(logo komunitas kami, tongkrongan sastra Senjakala) |
Tak ada yang lebih menyakitkan selain menyaksikan peristiwa kematian yang tampak begitu nyata di depan kita. Ketika nafas tersengal-sengal, tubuh yang kian layu, tatapan nanar kerabat sekitar, serta lirih tangis yang kian berebutan. Lalu secepat kilat akan ada seorang tetua menghampiri, merapalkan bait-bait kudus untuk diikuti, dan malaikat yang setia menanti. Sedang kita, hanya mampu berdiri dan sesekali merutuki diri sendiri.
Membincang komunitas adalah menerka sejauhmana ia mengisi lembaran-lembaran karya yang dihasilkan penghuninya.
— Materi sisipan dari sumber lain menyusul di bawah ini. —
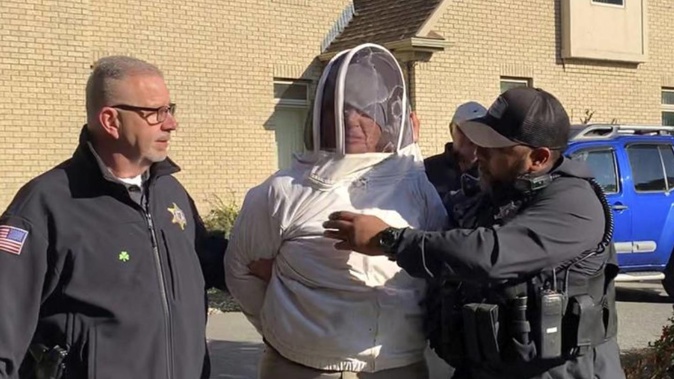 Rorie S Woods wears a beekeeping suit while taken into custody. Photo / AP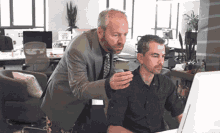 a man in a suit and tie stands next to another man in front of a computer monitor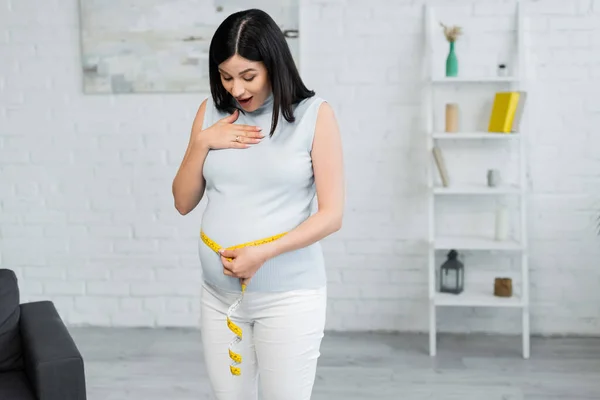 Étonné enceinte toucher la poitrine tout en mesurant le ventre à la maison — Photo de stock
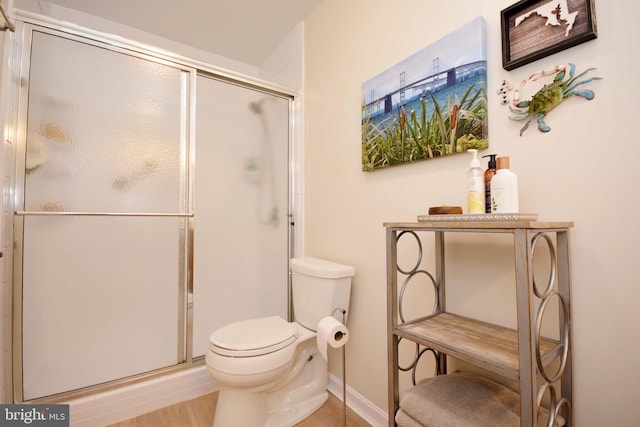 bathroom with a shower with door, hardwood / wood-style floors, and toilet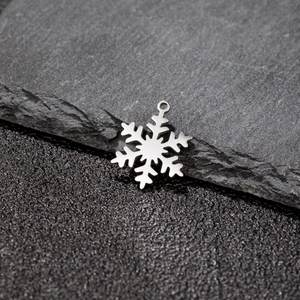 Detailed view of a silver snowflake pendant with a polished stainless steel finish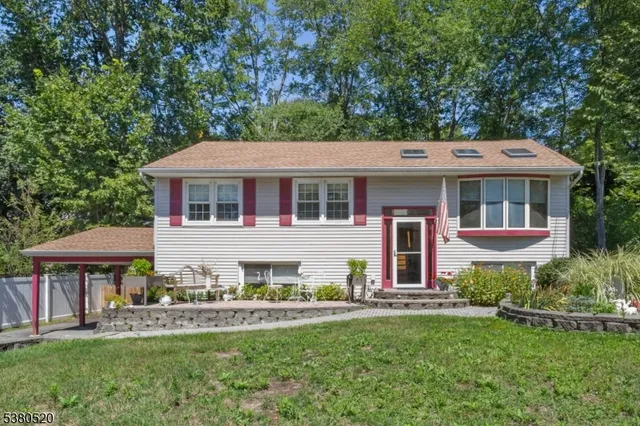 a front view of a house with a yard table and chairs
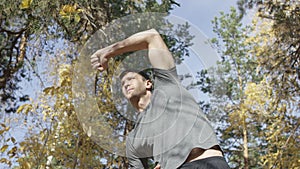 Muscular caucasian man in shirt stretching before workout doing standing side bends exercising in autumn forest at sunny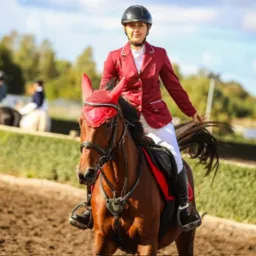 Kobieta w czerwonym żakiecie i kasku na koniu z czerwonymi ozdobami na głowie, na piaszczystym terenie z zielonym tłem i innymi jeźdźcami w oddali.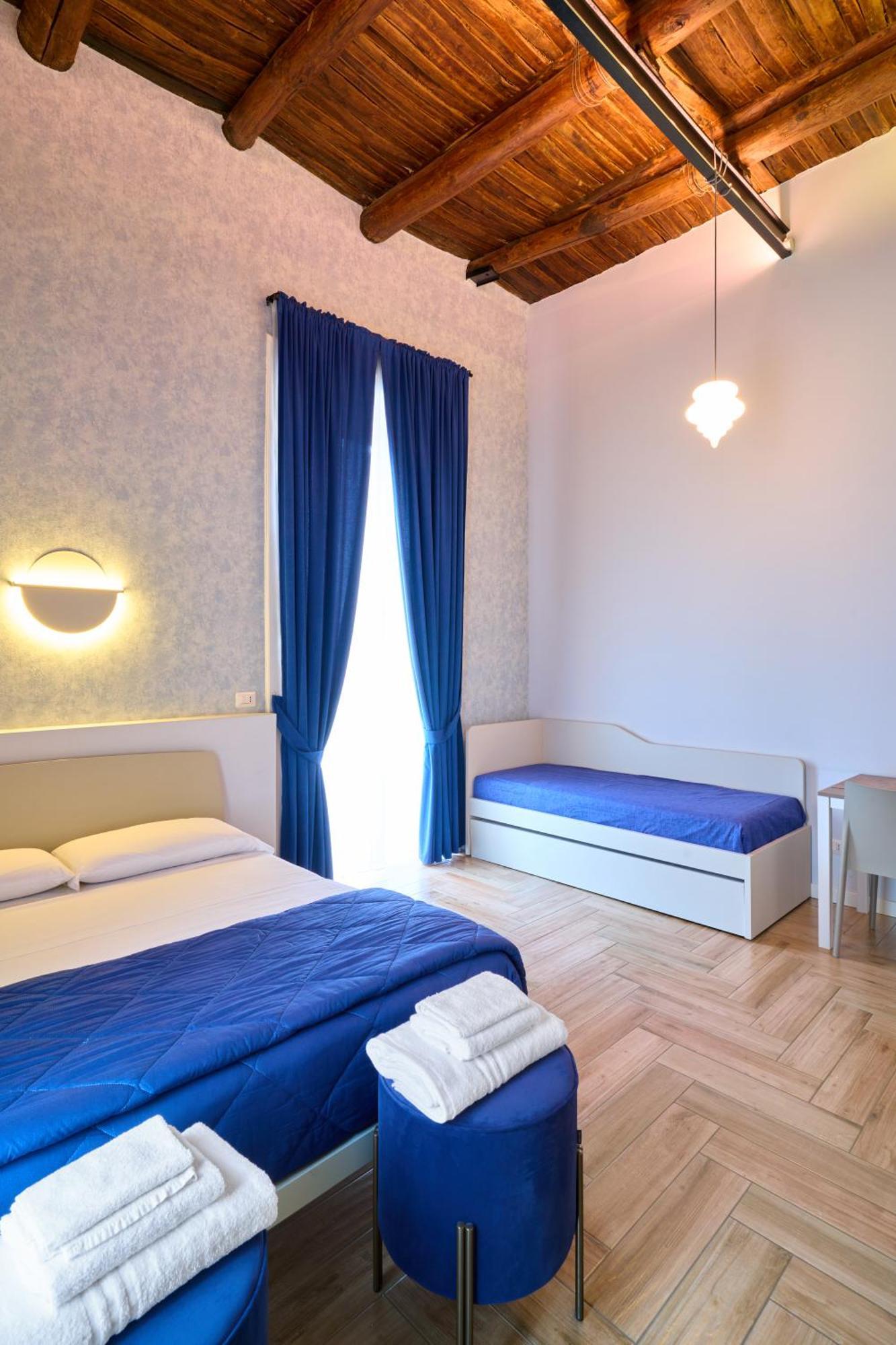 Chambre Quadruple avec Balcon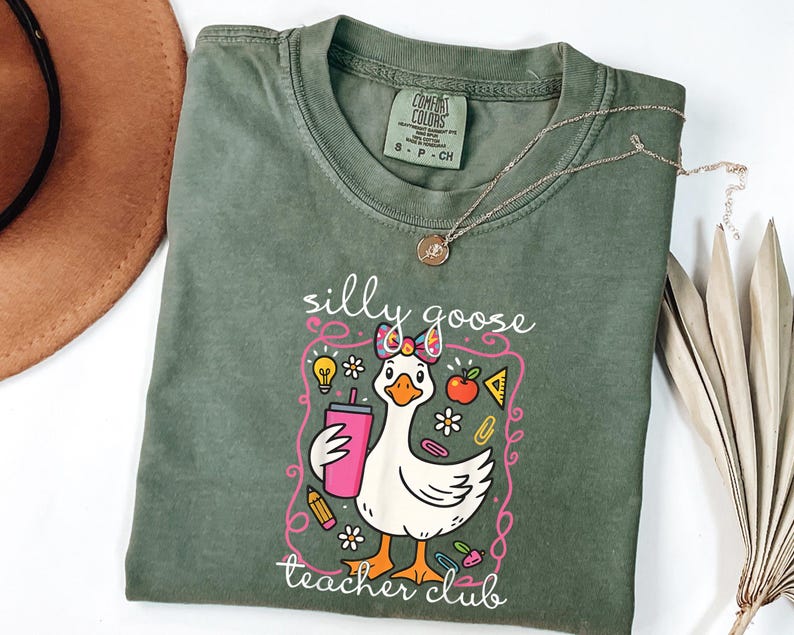 May include: A sage green t-shirt with a graphic of a cartoon goose holding a pink tumbler. The goose has a bow and is surrounded by school-themed illustrations. The text "silly goose teacher club" is printed below the goose.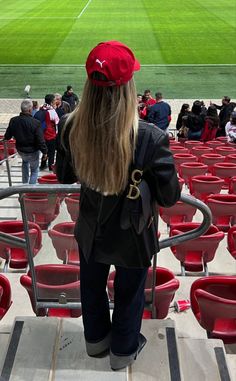 a woman with long hair wearing a red hat and black jacket standing in front of a stadium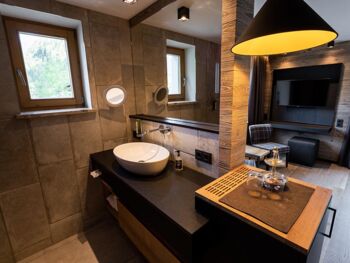 Light-flooded hotel room with huge flat-screen TV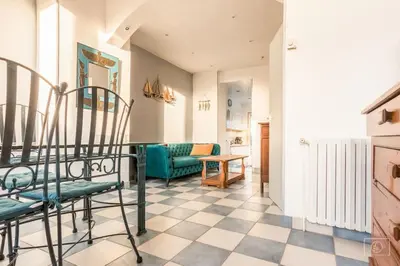 Cuisine ou kitchenette dans l'établissement maison jardin terrasse parking gratuit autour de la maison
Paling tidak ia menginspirasi mereka yang tidak sanggup menjadi ronin, sendiri menerjang sepi untuk menyelesaikan pekerjaan sucinya; membunuh, dan berkarya. Di komunitas kami ini ada bait-bait kalimat suci; menuliskannya, menghabisinya. Lalu diikuti semacam pledoi selepas diskusi yang melelahkan.
Senjakala namanya. Sebuah komunitas yang saya sempat begitu lama bergumul di dalamnya. Saya sempat terpekur berkali-kali akan nama yang dianggit oleh keempat pemuda berbahaya ini; Kenyot Addisatva, Abraham Zakky, Nadd Caffsin dan Hasyim Zein. Beberapa kali itu pula saya mencari makna, dan tetap; tidak ada jawaban pasti. Seperti juga hidup, ia kerap mengabarkan ketidakpastian, dan tentu saja kemuraman. Atau jangan-jangan ia tidak perlu dimaknai laiknya puisi buram Afrizal yang kerap kita gagal pahami, tetap kita nikmati.
pamflet bedah buku, dua tahun lalu, dihadiri Teguh Esha (Novelis, penulis Ali Topan Anak Jalanan) dan Ade Faiz (Gatra) |
Ingatan saya terjegal pada pusaran 2009-2011. Kira-kira setahun yang lalu. Tempo ketika produktivitas saya sebagai ronin begitu tinggi, dan pertautan saya dengan kawan-kawan komunitas ini begitu dekat, seakan tak ada sekat. Barangkali sedekat seorang kekasih yang lama tidak berjumpa dengan kekasihnya di sebuah kota yang begitu jauh. Serasa tidak ingin dipisahkan, tidak pula ingin ditinggalkan.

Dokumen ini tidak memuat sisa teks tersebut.